■ Exercise: An exact transcription of all the records is required, minus the images.

■ Data listing:
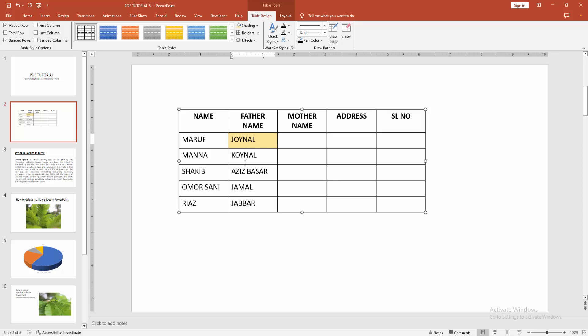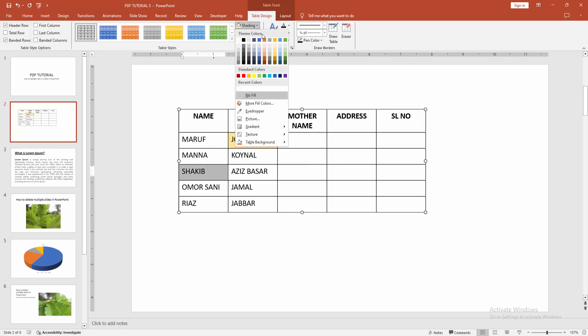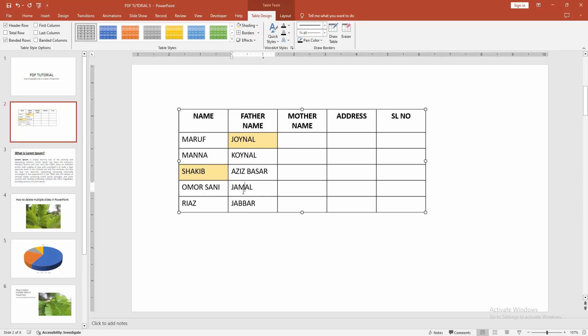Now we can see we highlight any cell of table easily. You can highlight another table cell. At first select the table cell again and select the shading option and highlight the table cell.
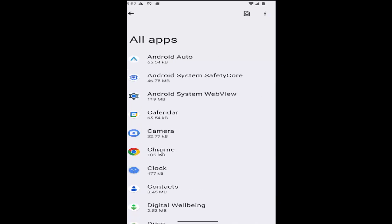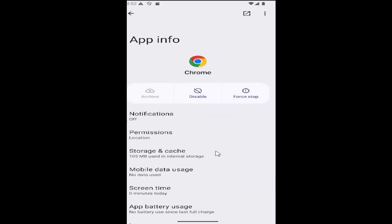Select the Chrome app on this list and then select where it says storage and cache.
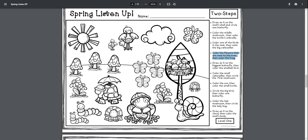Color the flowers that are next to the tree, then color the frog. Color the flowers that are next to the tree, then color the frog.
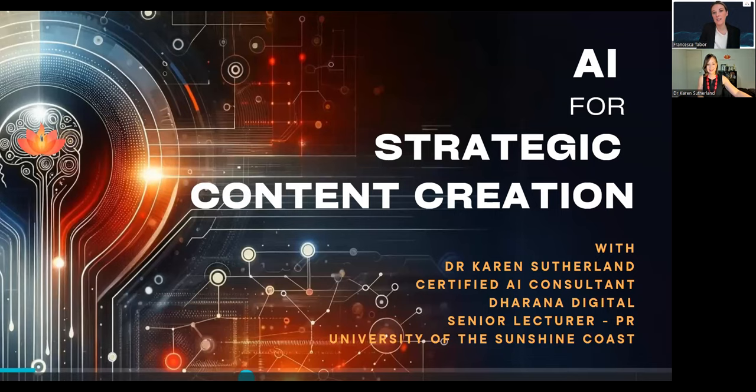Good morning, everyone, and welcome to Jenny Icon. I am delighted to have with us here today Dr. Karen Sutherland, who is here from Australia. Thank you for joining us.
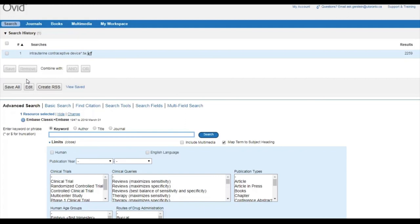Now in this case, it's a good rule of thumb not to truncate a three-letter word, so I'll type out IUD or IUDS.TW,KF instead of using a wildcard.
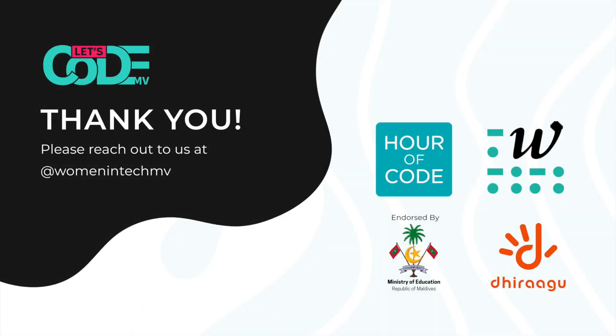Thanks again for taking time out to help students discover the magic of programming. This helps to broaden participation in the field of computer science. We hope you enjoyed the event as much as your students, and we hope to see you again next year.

■ Output for this task:
Now we can see we highlight any cell of table easily. You can highlight another table cell. At first select the table cell again and select the shading option and highlight the table cell.
Select the Chrome app on this list and then select where it says storage and cache.
Color the flowers that are next to the tree, then color the frog. Color the flowers that are next to the tree, then color the frog.
Good morning, everyone, and welcome to Jenny Icon. I am delighted to have with us here today Dr. Karen Sutherland, who is here from Australia. Thank you for joining us.
Now in this case, it's a good rule of thumb not to truncate a three-letter word, so I'll type out IUD or IUDS.TW,KF instead of using a wildcard.
Thanks again for taking time out to help students discover the magic of programming. This helps to broaden participation in the field of computer science. We hope you enjoyed the event as much as your students, and we hope to see you again next year.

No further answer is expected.